16S having 1 pair of primer
18S having 1 pair of primer
ITS having 1 pair of primer
COI having 2 pairs of primers
Chloroplast having 3 pairs of primers
Given that, I need to separate the reads and make 5 independent fastq files from each fastq file. Is there a way in qiime2 where I can extract the reads based on primers? or any other method to accurately pull the respective reads?
I am not sure how to handle this but what I would try:
Import samples to Qiime2
Use cutadapt to trimm primers with "--p-discard-untrimmed" and (optionally) "--p-minimum-length" parameters. The idea is that cutadapt will discard any sequence without primers, and if you run it for each primer set you used, it will do the job.
PS. To all: Please feel free to jump in with better suggestions. I am also curious.
I step in just to say I agree with @timanix - the easiest option here is to use q2-cutadapt.
Also, I see here that your idea is to have one FASTQ file for COI (including amplicons derived from both primer sets) and another FASTQ file for Chloroplast (inlcuding the three amplicons):
I think each amplicon should be treated separately.
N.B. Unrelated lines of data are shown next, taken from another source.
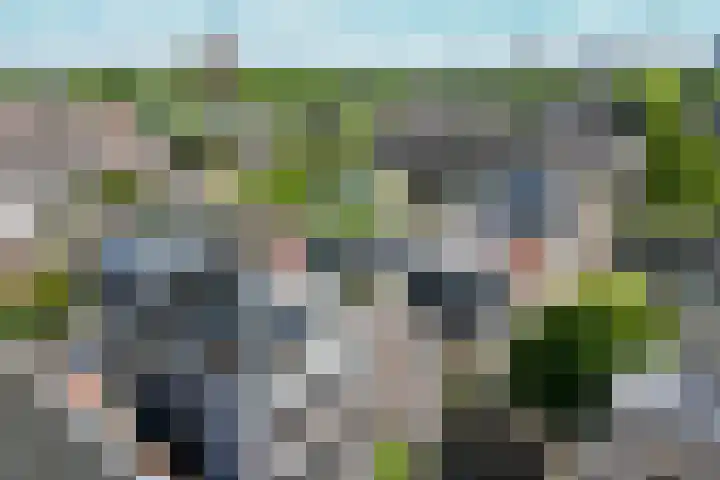 Bemuurde Weerd O.Z. 71 C Utrecht thumbnail 6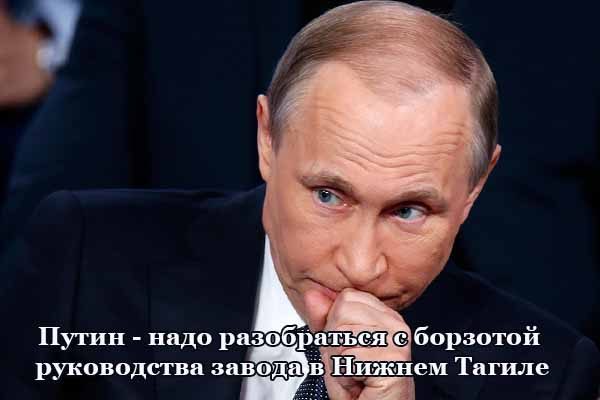 Путин: надо разобраться с «борзотой» руководства завода в Нижнем Тагиле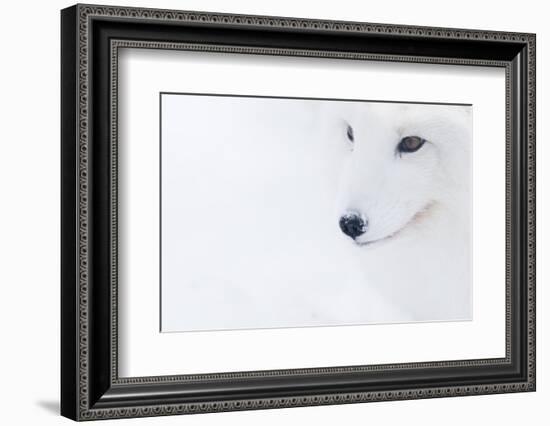 Portrait Of An Arctic Fox (Vulpes Lagopus), Captive, Norway, February-Edwin Giesbers-Framed Photographic Print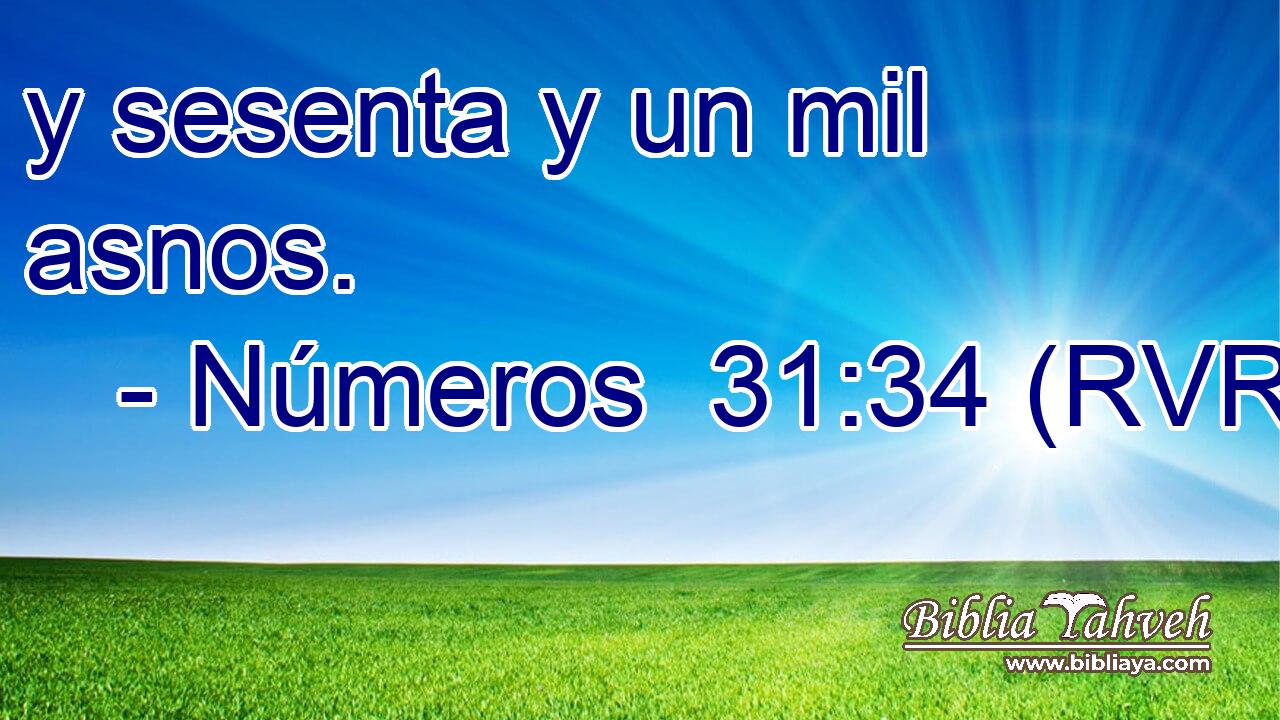 y sesenta y un mil asnos.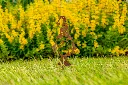JARDIN PART 1 BY GOGOR-18.webp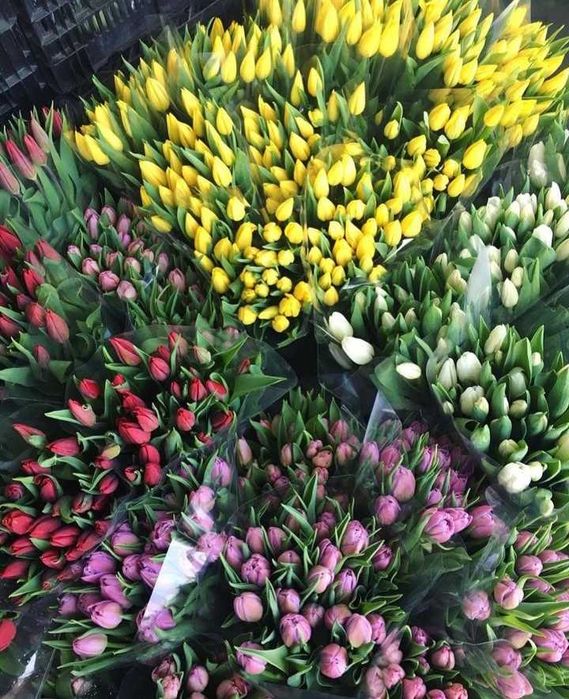 Цибулини тюльпанів на опт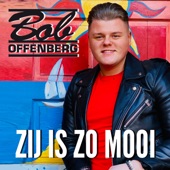 Zij Is Zo Mooi artwork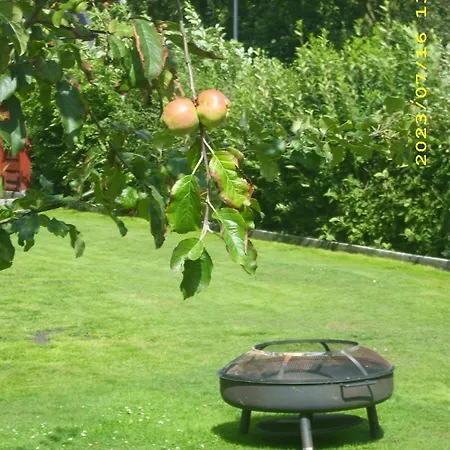 Ferienhaus Deichbrise * Niebüll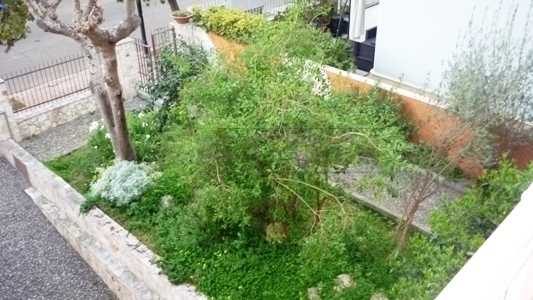  - foto 30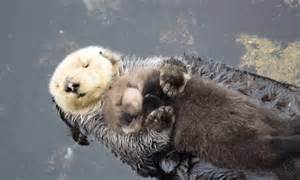 Otter Embraces Her Fluffy One Day Old Pup As They Float Together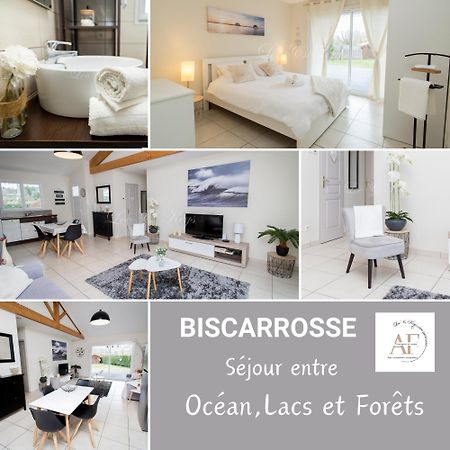 Ravissante Maison Cosy 4* Biscarrosse Proche Lac 외부 사진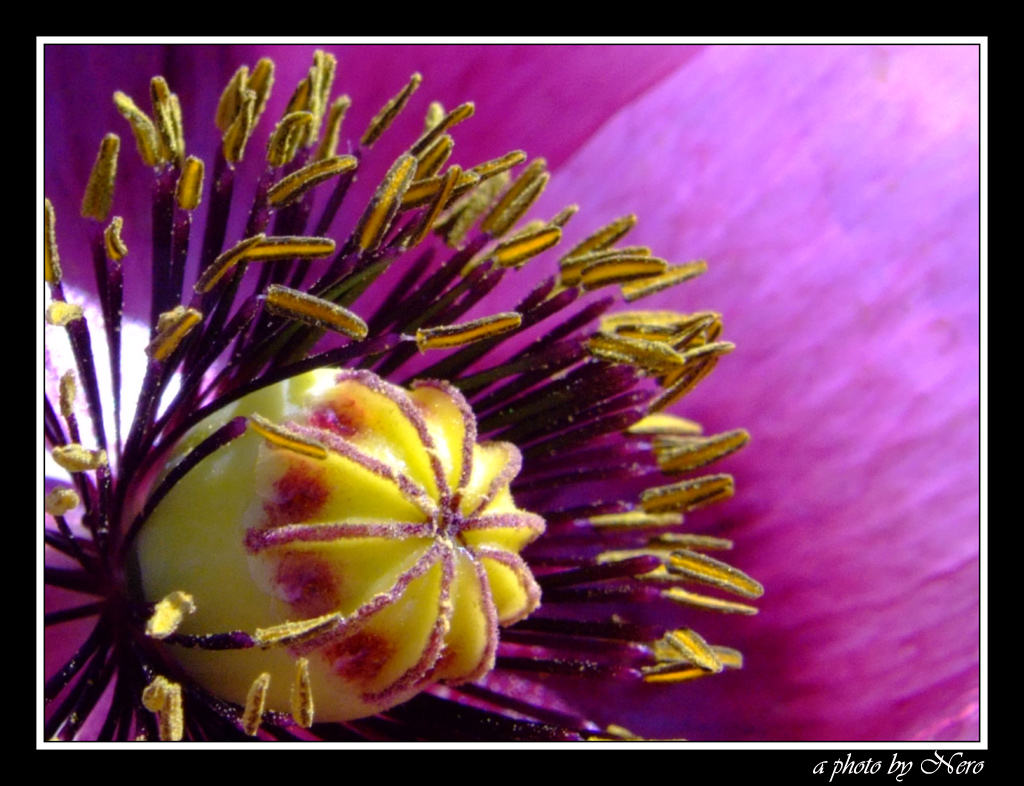 For Those I Never Knew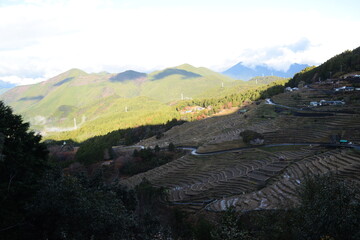 丸山千枚田の棚田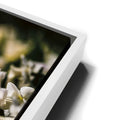 Thumbnail image 13 for White Tulip Dream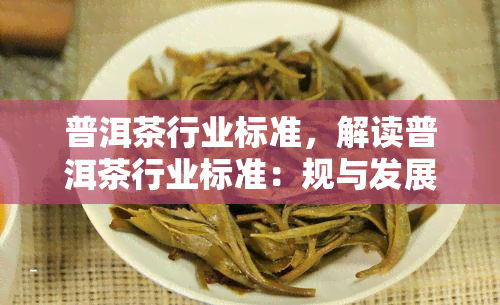 普洱茶行业标准，解读普洱茶行业标准：规与发展并重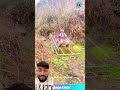 Vehicle ramp in jungle #tools4life #adventure #shortvideo #shortsfeed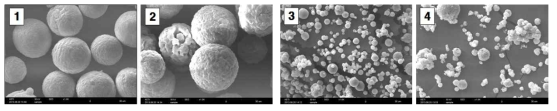 KICET 제조 AlN 분말 4종의 SEM 사진.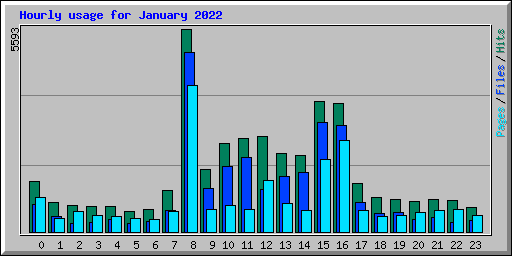 Hourly usage for January 2022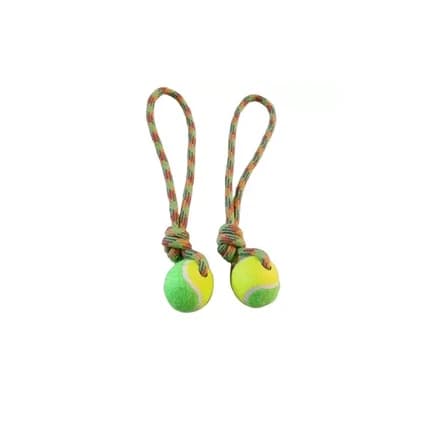 Dog Toy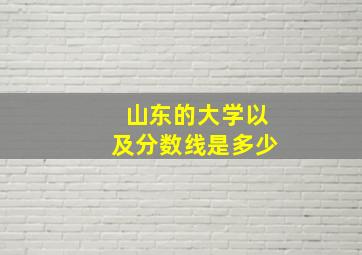 山东的大学以及分数线是多少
So you would end up with 8 groups instead of 5, one for each primer set.
If you still want to merge amplicons, you can always use qiime feature-table merge and qiime feature-table merge-seqs once you build your feature table (suggested by @llenzi - thanks for that!).
I want to add that if you merge amplicons from different primer sets and decide to get beta diversity PCoA, don't be surprised if you get a Y shape or see samples clustering to an almost perfect line. Different primers produce different amplicons, which will be denoised to different ASVs, excluding overlaps between different sets of primers.